Beefy Boxes and Bandwidth Generously Provided by pair Networks
Perl Monk, Perl Meditation
 
PerlMonks  

Finding oldest file in directory

by Nitrox (Chaplain)
on Oct 18, 2004 at 18:11 UTC ( #400255=perlquestion: print w/ replies, xml ) Need Help??
Nitrox has asked for the wisdom of the Perl Monks concerning the following question:

I have a script that needs to determine the oldest file in a particular directory and I'm concerned about the efficiency of my current solution. (This runs every 60 seconds, which is why I'm concerned with optimization). Here's an example snippet:

my $dir = "."; my $file = (sort{(stat $a)[10] <=> (stat $b)[10]}glob "$dir/*.pl")[0];

This script runs across multiple platforms (Win32, Solaris, Linux and AIX) so limits me from some perhaps "easier" solutions.

Another important piece of info is that the directory is relatively small and has no more than 10 files at any given time, so I wasn't concered about the numerous stat calls.

So is my current solution acceptable, and I'm trying to micro-optimize, or does anyone see a glaring performance issue?

Thanks in advance for feedback!

-Nitrox

Comment on Finding oldest file in directory
Select or Download Code
•Re: Finding oldest file in directory
by merlyn (Sage) on Oct 18, 2004 at 18:25 UTC
    Probably only the teeniest bit faster to run, but a lot easier to type, I would have picked -s $a over (stat $a)[10] and so on.

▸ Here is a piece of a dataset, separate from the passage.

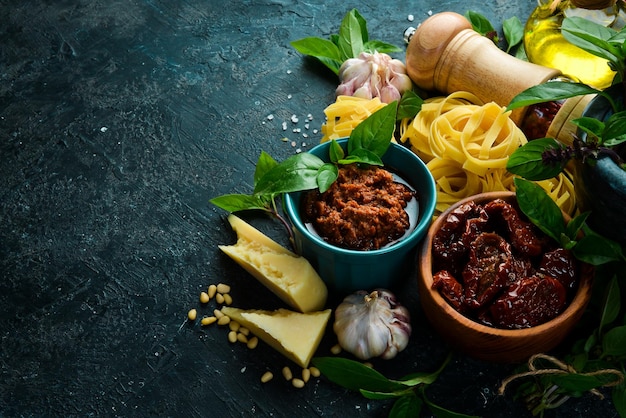 Pestosaus met zongedroogde tomaten in een kom Traditionele Italiaanse saus Op een betonnen ondergrond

    Also, above some number of files (depending on your OS efficiency), it'd be faster to cache your stats for the sort.

    -- Randal L. Schwartz, Perl hacker
    Be sure to read my standard disclaimer if this is a reply.


    update: Darn it. I misread [10] as wanting the size, even though there were other clues in the message about wanting the oldest.

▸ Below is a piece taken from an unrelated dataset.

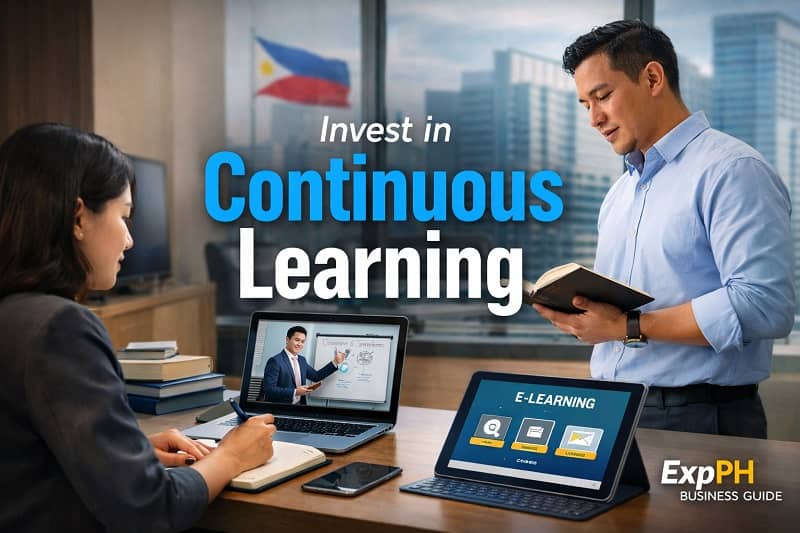 Filipino professionals investing in continuous learning through books and online courses in a modern Philippine office environment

    OK, yes, replace -s there with -M.

      "it'd be faster to cache your stats for the sort"

      Depends on what does "oldest" mean, and how files are created, modified and removed from the directory. The catched info might not be correct and useful. It probably just increases the complexity of the program, with 10+ files in the directory, most likely not worth it.

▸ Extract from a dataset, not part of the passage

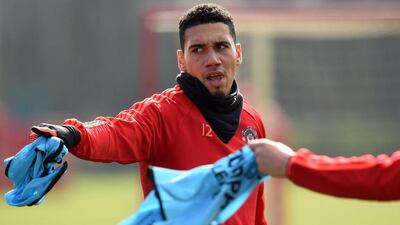 Manchester United’s English defender Chris Smalling takes part in a team training session at their Carrington Training Centre in Manchester, north west England on March 16, 2016 ahead of their Uefa Europa League second leg football match against Liverpool. AFP / Paul ELLIS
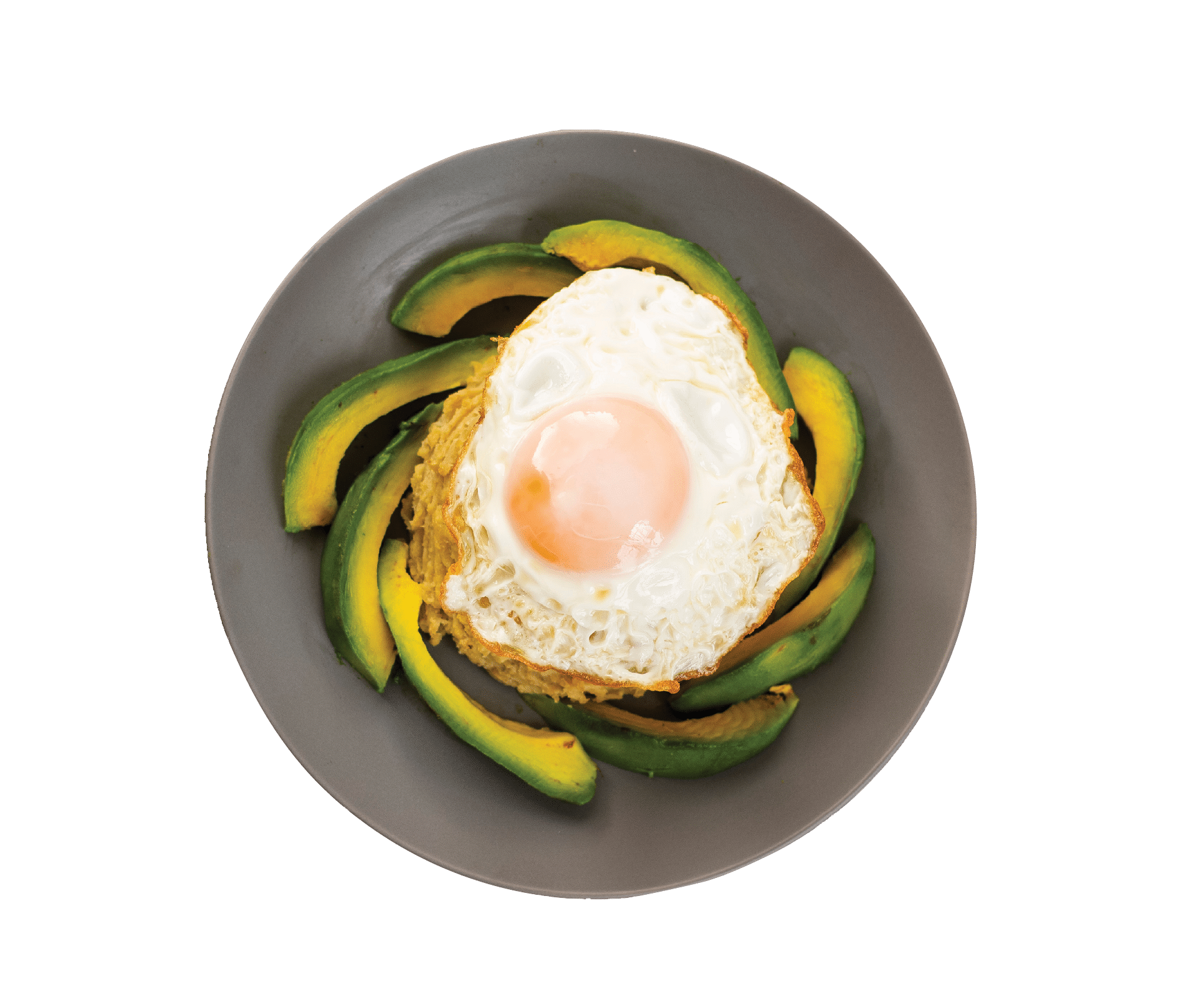 Green plantains mashed with fried egg and avocado, on wooden table. Delicious Mangu traditional Dominican food.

        I think what Randal L. Schwartz was referring to, when he said "cache it for the sort," was to use a very common sort optimization technique called, not coincidentally, the Schwartzian Transform.
        @sorted = map { $_->[0] } sort { $a->[1] <=> $b->[1] } map { [ $_, (-s $_) ] } @unsorted;

        --
        [ e d @ h a l l e y . c c ]

        If the underlying files are changing quick enough that -s isn't going to return the same result you're probably already screwed (and I want to say that some qsort implementations might even core on you)).

      Do you mean '-C' instead of '-s' (file size)?
Re: Finding oldest file in directory
by TomDLux (Vicar) on Oct 18, 2004 at 18:45 UTC

    If it never has more than 10 files, who cares? If it's fast enough, don't worry. if you need more speed, benchmark and profile.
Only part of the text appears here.